И шериф с подонком на пару топают к петельке. А Брюса я отсылаю в толпу. Пусть‑ка приглядит за Беновым братцем, хоть какая‑то будет от парня польза.

Поднимаюсь на помост. Мастерсон мелко дрожит, как от лихорадки. Голову опустил, слезы у него текут, а утереть их он не может, поскольку руки я развязывать не велел. На всякий случай.

— Жители города Дип Вэлли… — начинаю я. И говорю дальше, что на дворе уже 1860–й год, в президентах у нас умный человек Джеймс Бьюкенен, и ни один проходимец не уйдет, стало быть, от возмездия, даже если он затеет озоровать в глухих краях вроде нашего Арканзаса. Никуда ему, мерзавцу, не удрать от правосудия… Ну и тому подобная чушь. Не был бы Мастерсон придурком, ни за что бы мы с Драем его не поймали. Меня же никто не поймал! Правда, рожа нынче у Джосайи Спенсера Эдвардса вся в шрамах, опознать трудновато будет…

И вот я все это говорю, говорю, говорю, а самому мне делается худо. От жары что ли? Стою, как похмельный у коновязи, слово к слову толком не привяжу. И чудится мне, будто не надо мне быть здесь, будто не надо мне так делать, будто внутри меня сидит какая‑то мразь и бунтует против меня же. Что не надо? Око за око. Здесь все так думают, кроме пары полных кретинов и святош. И город скажет большое спасибо мистеру Эдвардсу за полезную работу… Нет, не надо мне быть мэром и не надо жить в городке Дип Вэлли… Да какого дьявола?

— Да какого дьявола! — это я вслух сказал и малость оторопел.

Надо бы как‑то выкрутиться.
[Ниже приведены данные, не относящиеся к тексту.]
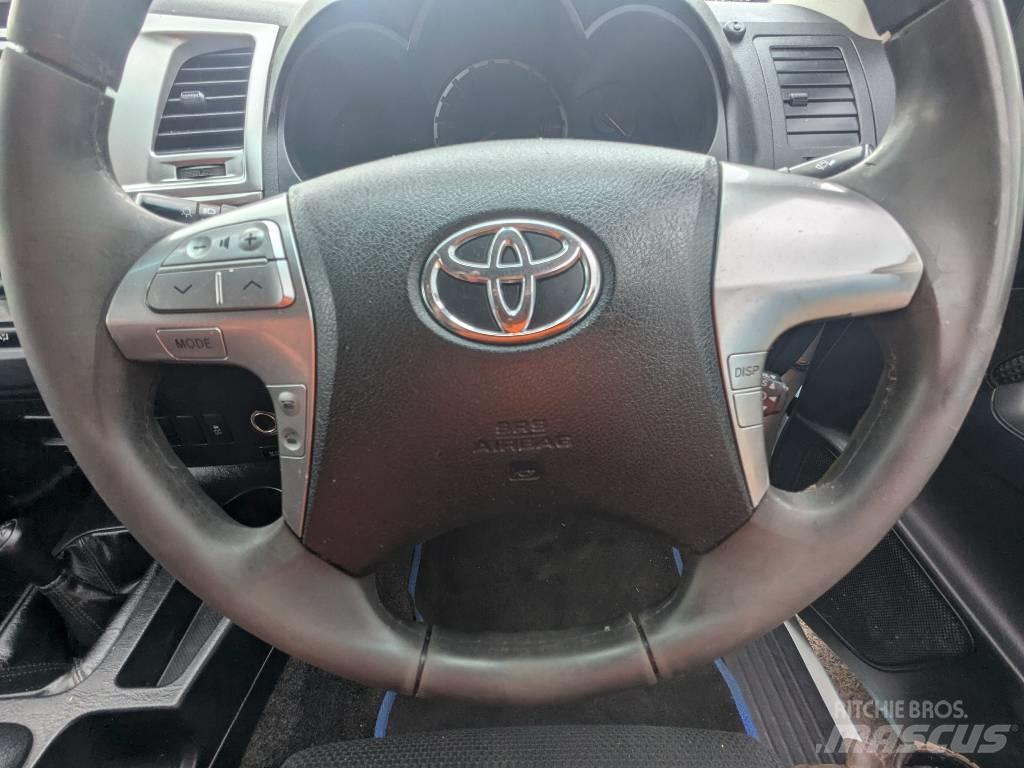 Toyota Hilux Бортовые фургоны
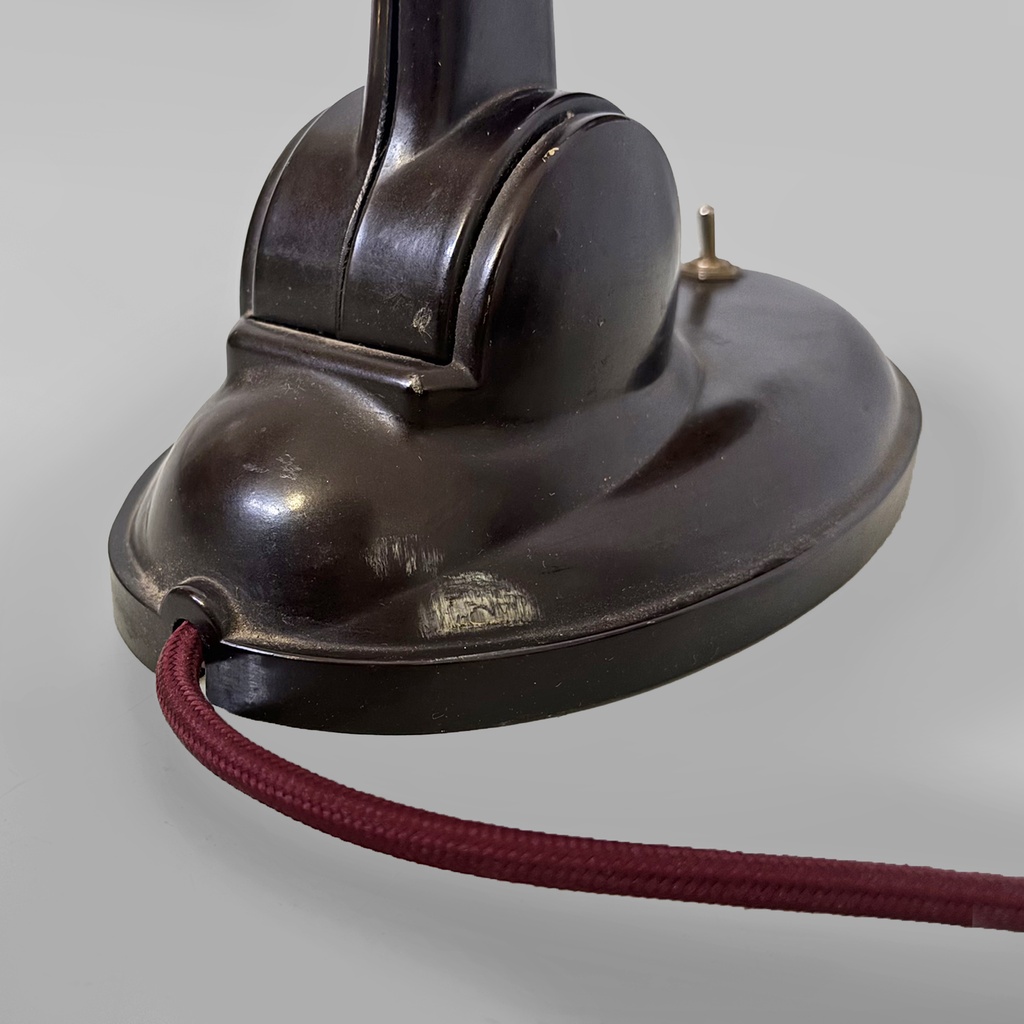 Lampada da tavolo Type 11126 di Eric Kirkman Cole, 1930 ca.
Зачем ляпнул?

— Какого дьявола, говорю я вам! Ясно все, нечего больше болтать понапрасну. Вздернем его, добрые люди!

— Давай, Джо!

— Посмотрим, как он наделает в штаны!

— Не тяни, Джо!

— Давно пора…

— С–сволочи! По одному… перестреляю… — это братец проклюнулся. Ну да Брюс ему сунул разок в скулу, и он заткнулся.

Тут выходит Том Драй на два шага вперед, к самому краю помоста и раскрывает пасть. А голос у него — сиплый рык, будто деревянная колода заговорила:

— Цивилизованные люди выбирают закон. А разная шваль выбирает виселицу.

Все как один угомонились — до того мрачный тип Том Драй.

— Вот приговор окружного судьи! — показываю всем бумагу. — А теперь, Мастерсон, твое последнее слово.

Молчит, подонок. Слезы текут, щеки трясутся, ни одного слова Мастерсон сказать не может. И гляжу, от его молчания люди как‑то размягчились. Подождать еще самую малость, и сочувствие проявят. Толпа — девка капризная: то губы к тебе тянет, а то кулаком засветит… Ну нет, не бывать такому делу. Зря что ли мы с Драем пыль глотали и сидели на голодном пайке, пока гонялись за этой тварью!

— Мастерсон! Либо разинь рот, либо кончаем представление.

— Люди… вы же меня не простите? Я никого не убил… Может, вы простите меня?

Старший Леруа кричит:

— В аду тебе место!

В толпе хохот. Нет, не размягчатся, не простят. Люди тут тертые, деньгам цену знают.

— Ладно. Мистер Эдвардс… Джо… скажи, чтоб мне на голову не надевали мешок. Хочу еще полюбоваться напоследок.

— Чем, Бен? Тучками?

— Да хотя бы и тучками! Меня сейчас повесят, а это моя последняя воля, и нечего смеяться!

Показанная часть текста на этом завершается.